What is more, by constantly reminding them that AI is much brighter than they are and it would be foolish to pretend otherwise, it is having a dampening effect on creative endeavours. Why bother to write an essay, poem or novel when a chatbot can instantaneously provide you with one that could be far superior to anything you might come up with? In academic institutions throughout the world, students and even professors are letting AI do most of the hard stuff because, after all, it is increasingly difficult to distinguish between their own work and that of their cybernetic helpers. To make things even more complicated, AI is creating ghostly entities that lurk behind screens or within humanoid robots; some flesh-and-blood human beings have fallen in love with them. There are also cases of people committing suicide after being induced to do so by a persuasive machine.

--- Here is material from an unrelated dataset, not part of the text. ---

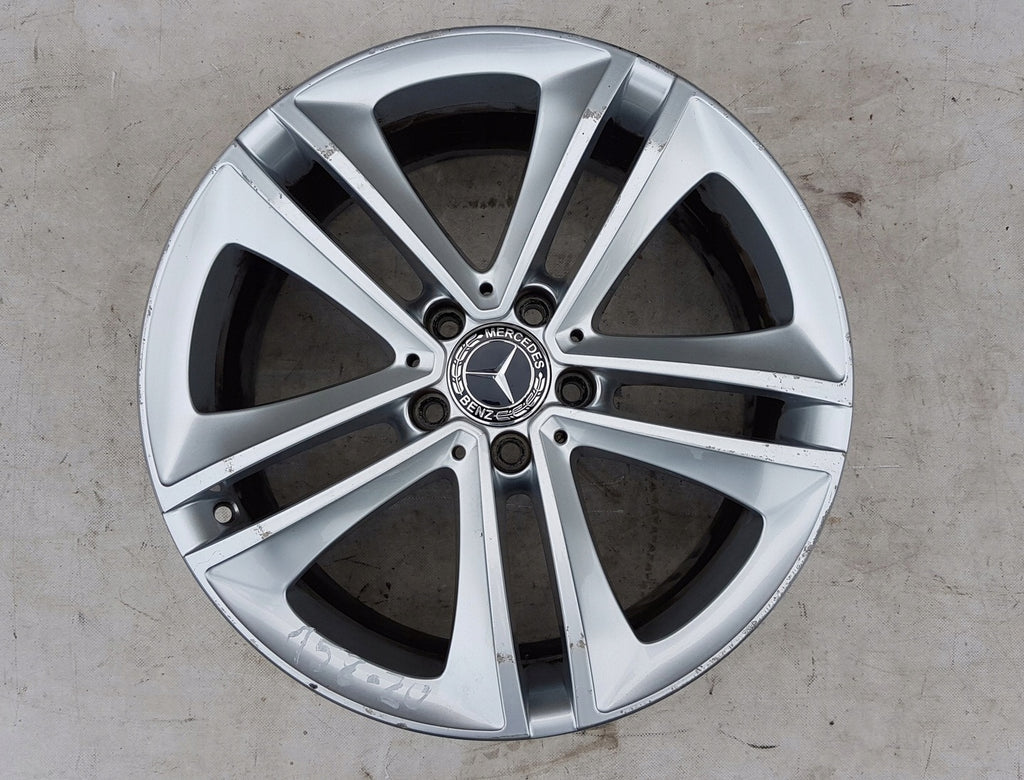 1x Alufelge 18 Zoll 9.0" 5x112 33ET Glanz Silber A2574010200 Mercedes-Benz Cls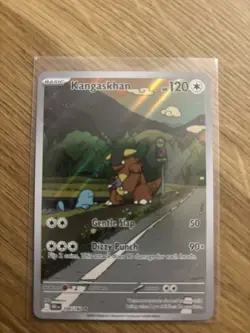 Pokemon TCG Kangaskhan 204/182 Destined Rivals Illustration Rare Card NM - Image 1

Another risk is that the ready availability of apparently all-knowing devices will continue to make people increasingly stupid. Thanks to technology, the attention span of many is shrinking, they read far less than their parents or older siblings and find it harder to add or subtract in their head. It seems that the “Flynn effect,” with young folk’s ability to solve problems rising year after year, a phenomenon that was attributed to improvements in education, nutrition and the requirements of modern urban life, went into reverse a couple of decades ago and that the trend is speeding up. According to some, everything changed in 2007 when Apple brought out the first iPhone. If so, the world’s most successful and most admired company has a lot to answer for.